What is your rom named as? The save and the rom must be named exactly the same. Like so


----------



## renegade2k82 (Apr 9, 2021)

AmandaRose said:


> What is your rom named as? The save and the rom must be named exactly the same. Like so
> 
> View attachment 257054



The name of the rom and the save are exactly the same.I made sure that the rom had the same name since i already knew the rom and save had to be the same so that isnt a issue.


----------



## AmandaRose (Apr 9, 2021)

renegade2k82 said:


> The name of the rom and the save are exactly the same.I made sure that the rom had the same name since i already knew the rom and save had to be the same so that isnt a issue.
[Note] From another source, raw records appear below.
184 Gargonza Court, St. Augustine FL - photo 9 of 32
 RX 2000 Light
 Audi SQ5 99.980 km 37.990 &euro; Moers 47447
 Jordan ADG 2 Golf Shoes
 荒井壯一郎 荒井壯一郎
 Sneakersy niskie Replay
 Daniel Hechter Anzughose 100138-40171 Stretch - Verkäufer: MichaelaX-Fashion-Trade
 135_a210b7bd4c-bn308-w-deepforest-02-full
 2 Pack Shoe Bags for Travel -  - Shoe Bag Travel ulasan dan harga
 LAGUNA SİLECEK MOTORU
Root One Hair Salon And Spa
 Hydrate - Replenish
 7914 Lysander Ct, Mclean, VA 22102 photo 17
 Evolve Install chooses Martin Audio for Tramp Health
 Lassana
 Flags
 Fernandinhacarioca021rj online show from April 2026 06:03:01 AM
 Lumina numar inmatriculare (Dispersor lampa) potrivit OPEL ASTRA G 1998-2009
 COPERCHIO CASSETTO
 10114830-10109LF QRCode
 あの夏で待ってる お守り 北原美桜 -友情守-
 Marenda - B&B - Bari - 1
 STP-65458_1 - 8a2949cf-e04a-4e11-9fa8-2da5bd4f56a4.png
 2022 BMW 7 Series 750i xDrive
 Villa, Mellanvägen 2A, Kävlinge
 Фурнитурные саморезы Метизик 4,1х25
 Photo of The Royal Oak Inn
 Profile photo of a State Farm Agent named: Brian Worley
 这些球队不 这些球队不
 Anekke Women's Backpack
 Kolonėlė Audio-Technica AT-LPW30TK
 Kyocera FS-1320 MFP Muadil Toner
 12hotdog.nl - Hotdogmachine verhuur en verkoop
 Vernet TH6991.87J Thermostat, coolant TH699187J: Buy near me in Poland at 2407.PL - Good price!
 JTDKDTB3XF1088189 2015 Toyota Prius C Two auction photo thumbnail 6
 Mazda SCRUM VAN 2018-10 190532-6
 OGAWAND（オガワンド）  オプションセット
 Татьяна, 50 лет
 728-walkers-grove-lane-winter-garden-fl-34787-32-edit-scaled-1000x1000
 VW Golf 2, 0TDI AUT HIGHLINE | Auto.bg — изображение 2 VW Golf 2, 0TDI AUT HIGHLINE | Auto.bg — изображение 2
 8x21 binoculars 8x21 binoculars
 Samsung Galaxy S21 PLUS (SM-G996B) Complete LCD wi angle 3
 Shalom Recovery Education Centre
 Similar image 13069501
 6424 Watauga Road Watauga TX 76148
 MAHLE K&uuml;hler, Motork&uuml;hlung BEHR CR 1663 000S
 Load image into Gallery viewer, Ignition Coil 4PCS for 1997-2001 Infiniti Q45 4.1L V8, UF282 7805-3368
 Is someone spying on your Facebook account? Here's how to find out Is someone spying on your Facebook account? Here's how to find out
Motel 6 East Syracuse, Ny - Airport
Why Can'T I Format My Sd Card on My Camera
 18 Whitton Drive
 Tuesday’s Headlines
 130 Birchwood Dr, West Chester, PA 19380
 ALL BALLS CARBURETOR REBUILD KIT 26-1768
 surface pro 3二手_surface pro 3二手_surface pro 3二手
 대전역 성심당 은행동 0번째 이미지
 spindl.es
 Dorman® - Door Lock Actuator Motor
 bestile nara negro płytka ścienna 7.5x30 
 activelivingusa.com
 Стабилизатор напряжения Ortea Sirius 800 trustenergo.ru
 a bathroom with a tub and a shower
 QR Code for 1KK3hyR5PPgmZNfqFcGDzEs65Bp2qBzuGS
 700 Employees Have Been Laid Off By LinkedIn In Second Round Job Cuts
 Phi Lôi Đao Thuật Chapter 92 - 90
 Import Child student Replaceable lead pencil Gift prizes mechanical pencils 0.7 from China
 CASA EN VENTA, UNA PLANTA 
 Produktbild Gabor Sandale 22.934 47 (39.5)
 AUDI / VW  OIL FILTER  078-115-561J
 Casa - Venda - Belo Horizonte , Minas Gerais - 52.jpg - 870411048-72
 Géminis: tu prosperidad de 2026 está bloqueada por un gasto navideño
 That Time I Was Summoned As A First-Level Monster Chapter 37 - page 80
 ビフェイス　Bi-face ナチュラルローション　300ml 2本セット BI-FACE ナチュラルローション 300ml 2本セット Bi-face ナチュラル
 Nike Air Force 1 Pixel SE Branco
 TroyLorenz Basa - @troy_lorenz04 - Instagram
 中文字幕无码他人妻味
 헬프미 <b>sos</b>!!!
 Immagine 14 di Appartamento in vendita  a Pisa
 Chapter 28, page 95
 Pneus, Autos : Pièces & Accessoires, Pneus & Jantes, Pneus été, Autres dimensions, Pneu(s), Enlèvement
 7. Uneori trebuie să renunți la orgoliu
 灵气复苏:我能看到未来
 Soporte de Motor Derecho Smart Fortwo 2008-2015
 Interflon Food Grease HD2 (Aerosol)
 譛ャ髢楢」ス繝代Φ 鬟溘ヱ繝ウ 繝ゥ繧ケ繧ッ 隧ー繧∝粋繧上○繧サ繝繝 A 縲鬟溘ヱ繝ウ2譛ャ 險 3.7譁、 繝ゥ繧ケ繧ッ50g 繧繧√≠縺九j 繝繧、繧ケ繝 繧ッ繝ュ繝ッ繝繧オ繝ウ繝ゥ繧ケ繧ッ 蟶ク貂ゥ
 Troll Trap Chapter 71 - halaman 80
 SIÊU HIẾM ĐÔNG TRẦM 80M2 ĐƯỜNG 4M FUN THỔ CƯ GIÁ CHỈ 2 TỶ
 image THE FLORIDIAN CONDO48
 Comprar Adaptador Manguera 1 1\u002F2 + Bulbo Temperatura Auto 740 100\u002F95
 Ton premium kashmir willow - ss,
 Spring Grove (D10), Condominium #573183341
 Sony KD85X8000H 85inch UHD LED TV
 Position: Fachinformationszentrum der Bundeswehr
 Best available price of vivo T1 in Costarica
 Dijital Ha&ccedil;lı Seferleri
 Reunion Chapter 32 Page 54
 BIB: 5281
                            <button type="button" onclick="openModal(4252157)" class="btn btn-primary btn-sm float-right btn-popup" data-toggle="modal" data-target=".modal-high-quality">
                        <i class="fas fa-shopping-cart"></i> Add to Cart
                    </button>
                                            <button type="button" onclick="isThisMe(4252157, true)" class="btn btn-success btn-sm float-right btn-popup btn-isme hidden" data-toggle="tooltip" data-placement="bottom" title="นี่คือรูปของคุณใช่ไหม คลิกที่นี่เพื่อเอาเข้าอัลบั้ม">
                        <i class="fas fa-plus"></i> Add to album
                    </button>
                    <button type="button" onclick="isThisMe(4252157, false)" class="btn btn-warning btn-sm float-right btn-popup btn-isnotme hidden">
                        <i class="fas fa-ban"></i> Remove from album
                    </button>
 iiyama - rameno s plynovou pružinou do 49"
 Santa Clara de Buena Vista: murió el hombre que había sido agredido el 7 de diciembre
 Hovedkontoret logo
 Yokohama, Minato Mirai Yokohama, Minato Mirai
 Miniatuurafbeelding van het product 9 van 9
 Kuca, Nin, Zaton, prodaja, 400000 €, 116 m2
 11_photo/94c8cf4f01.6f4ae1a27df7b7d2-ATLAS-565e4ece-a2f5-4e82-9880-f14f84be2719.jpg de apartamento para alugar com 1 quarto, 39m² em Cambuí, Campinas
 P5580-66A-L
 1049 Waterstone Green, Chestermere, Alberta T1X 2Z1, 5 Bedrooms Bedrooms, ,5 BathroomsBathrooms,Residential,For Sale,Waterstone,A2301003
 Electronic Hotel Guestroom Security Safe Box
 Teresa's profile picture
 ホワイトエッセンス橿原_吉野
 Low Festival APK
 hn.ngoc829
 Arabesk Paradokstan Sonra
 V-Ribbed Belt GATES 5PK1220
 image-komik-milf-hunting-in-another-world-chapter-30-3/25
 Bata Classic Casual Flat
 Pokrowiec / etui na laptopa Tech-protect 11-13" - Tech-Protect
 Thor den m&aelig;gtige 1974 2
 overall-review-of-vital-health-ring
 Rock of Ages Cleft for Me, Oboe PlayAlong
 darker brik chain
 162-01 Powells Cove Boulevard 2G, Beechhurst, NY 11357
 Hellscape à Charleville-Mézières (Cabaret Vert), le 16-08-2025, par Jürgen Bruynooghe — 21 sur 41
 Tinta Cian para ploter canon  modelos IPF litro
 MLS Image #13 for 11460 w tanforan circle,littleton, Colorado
Weird then as it works fine for me. Is your Link to the Past the euro or American version as it needs to be the euro version


----------



## renegade2k82 (Apr 10, 2021)

it is the usa version so that would explain it.is there any way to convert the save to work with the usa version?i live in the usa and stick to that unless there is some gem or obscure game i want to play from another country lol.


----------



## renegade2k82 (Apr 11, 2021)

Anyone know how to change the region for the save from euro to usa?


----------



## renegade2k82 (Apr 22, 2021)

well i tried using the save with the euro rom tried loading it after saving it as .srm file from note pad for retroarch and it still acts like the save is blank.


----------



## asboy (Feb 23, 2022)

Do any of these saves have everything complete except for the GBA exclusive dungeon? I just want to play that part.


----------